### Data listing
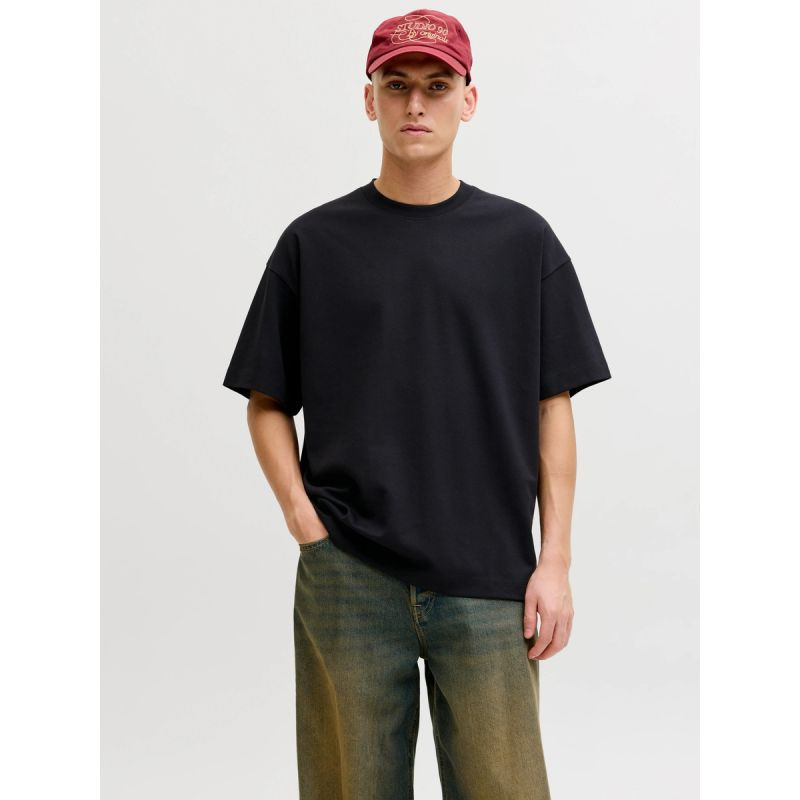 Jack&Jones pánské tričko JJEBARRON TEE SS O-NECK NOOS 12298906 BLACK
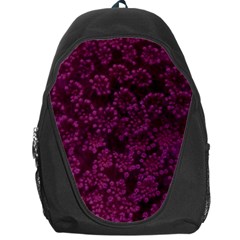 Dark Pink Queen Anne s Lace (up Close) Backpack Bag by okhismakingart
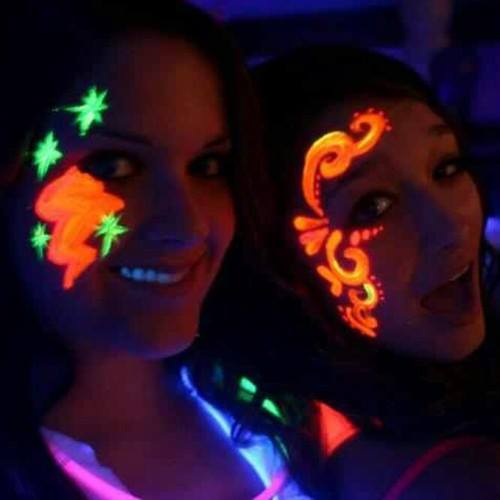 Party in the Dark with UV Face Painting and LED Balloon Twisting!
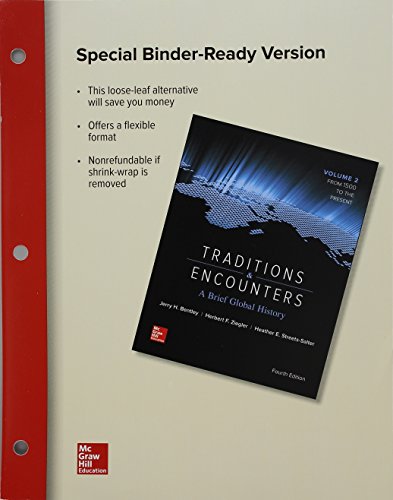 Beispielbild fr Looseleaf for Traditions & Encounters: A Brief Global History Volume 2 zum Verkauf von A Team Books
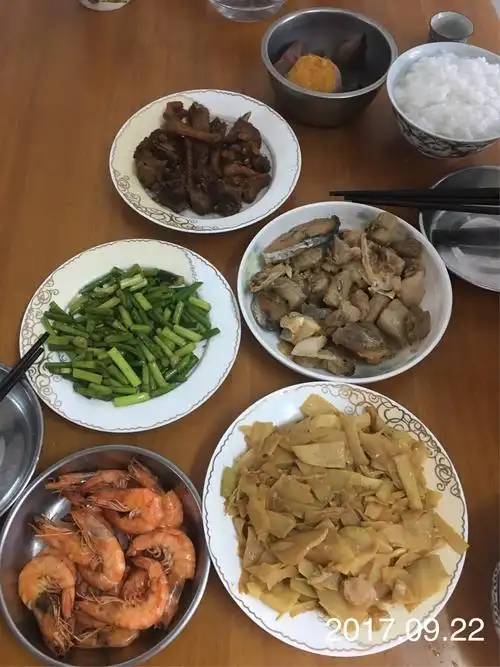 我家连续十天的午餐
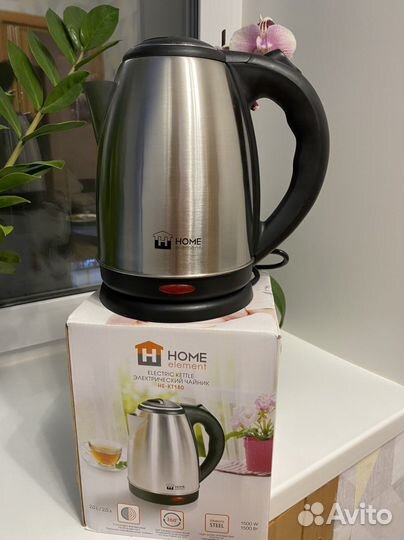 Чайник электрический home новый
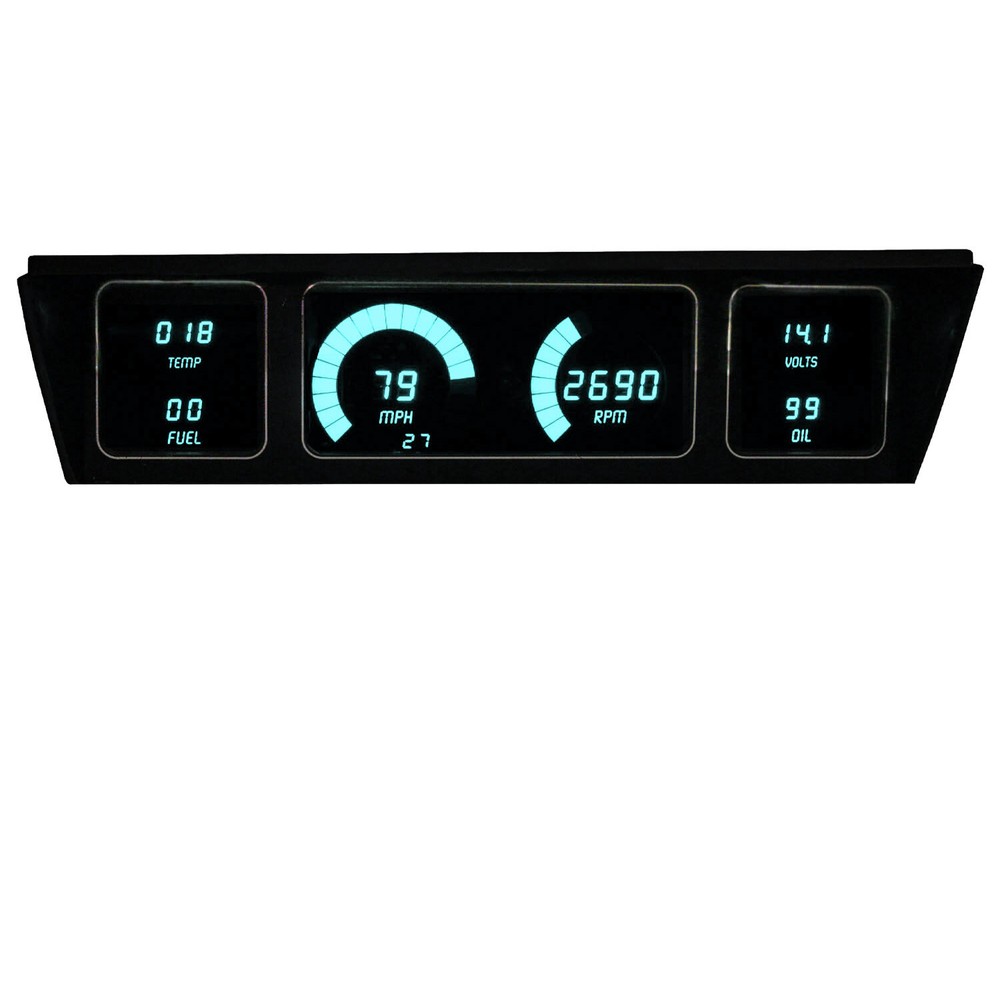 1977-1990 Chevy Impala Caprice Digital Dash Panel Gauge Cluster WHITE LEDs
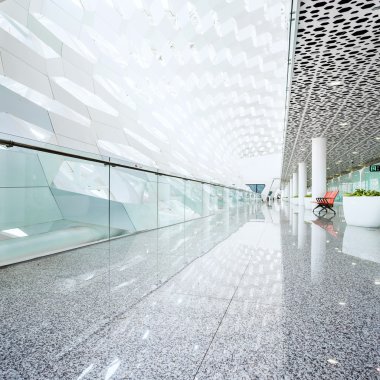 alışveriş merkezinde modern bekleme odası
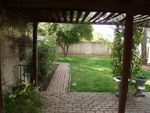 Covered back patio.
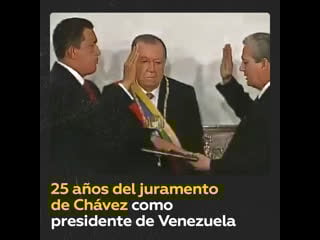 Hace 25 años años hugo chávez tomaba juramento como presidente de venezuela
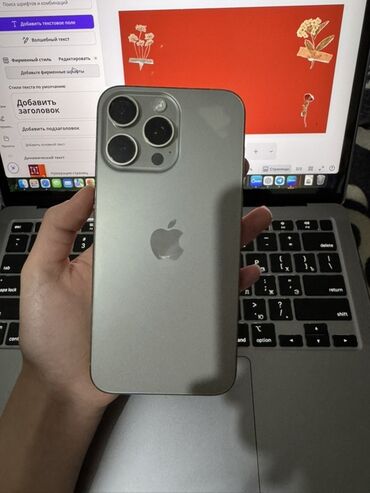 переходник с usb модема на роутер: IPhone 15 Pro Max, Б/у, 256 ГБ, Natural Titanium, 87 %
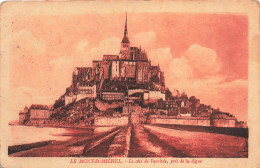 PHOTOGRAPHIE - Le Mont Saint Michel - Le Côté De L'arrivée Pris De La Digue - Carte Postale Ancienne - Fotografia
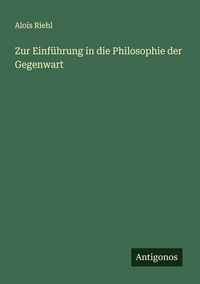 Produktbild: Zur Einf&uuml;hrung in die Philosophie der Gegenwart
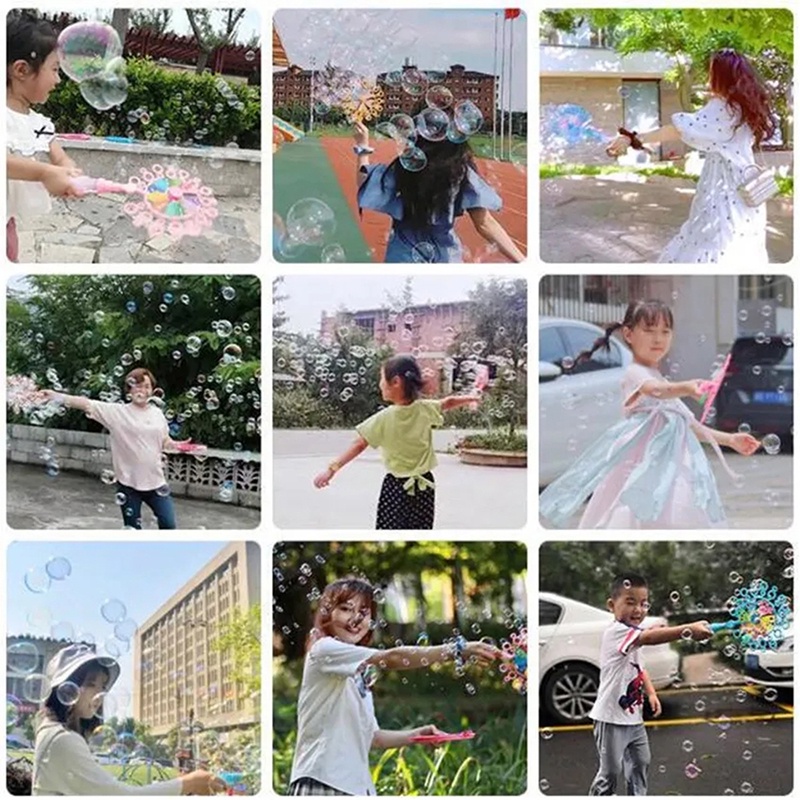 Đồ chơi thổi bong bóng TOYS hình cối xay gió cho bé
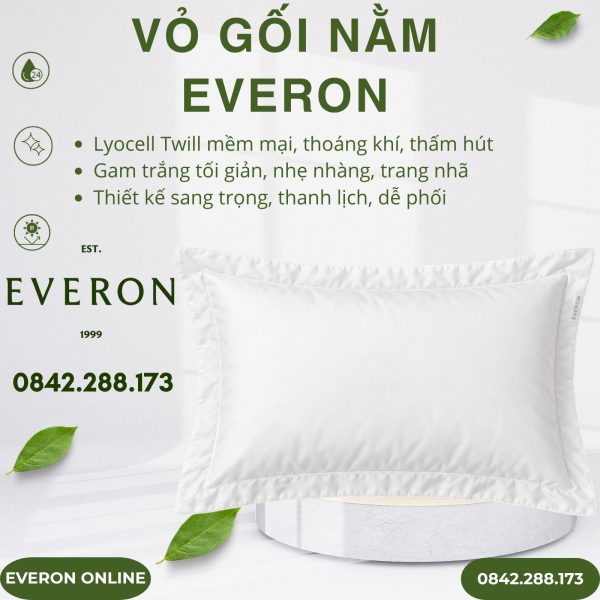 Vỏ gối nằm Everon BSL713 Cloud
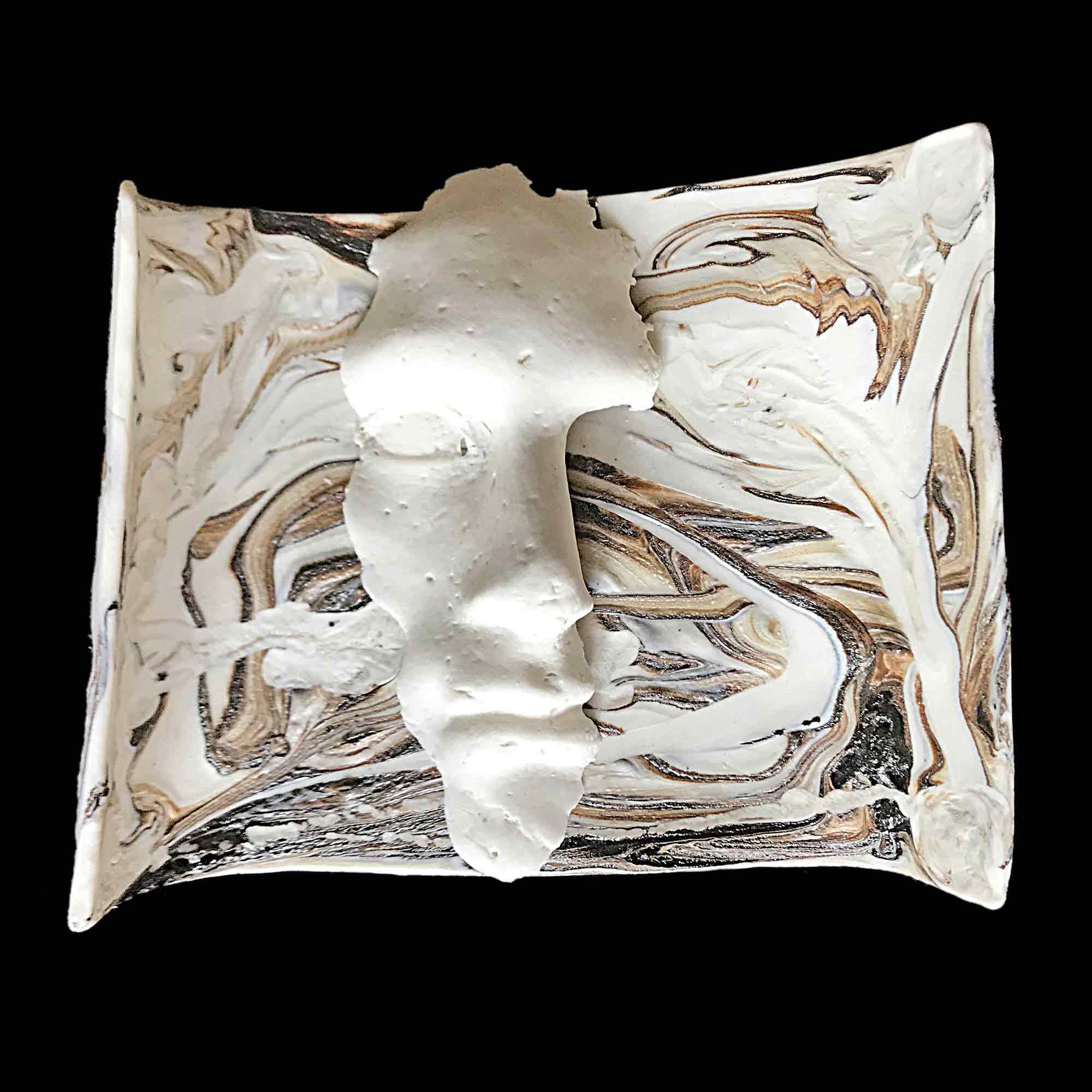 Geetha Alagirisamy porcelain human mask sculpture 'The World in Me' 3 of 3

### What is expected
Give again exactly the lines from the one that contains "Produktbild: Zur Einf&uuml;hrung" through the end of the material, both ends included, omitting the pictures.

### Response to the task
 Produktbild: Zur Einf&uuml;hrung in die Philosophie der Gegenwart
 Đồ chơi thổi bong bóng TOYS hình cối xay gió cho bé
 Vỏ gối nằm Everon BSL713 Cloud
 Geetha Alagirisamy porcelain human mask sculpture 'The World in Me' 3 of 3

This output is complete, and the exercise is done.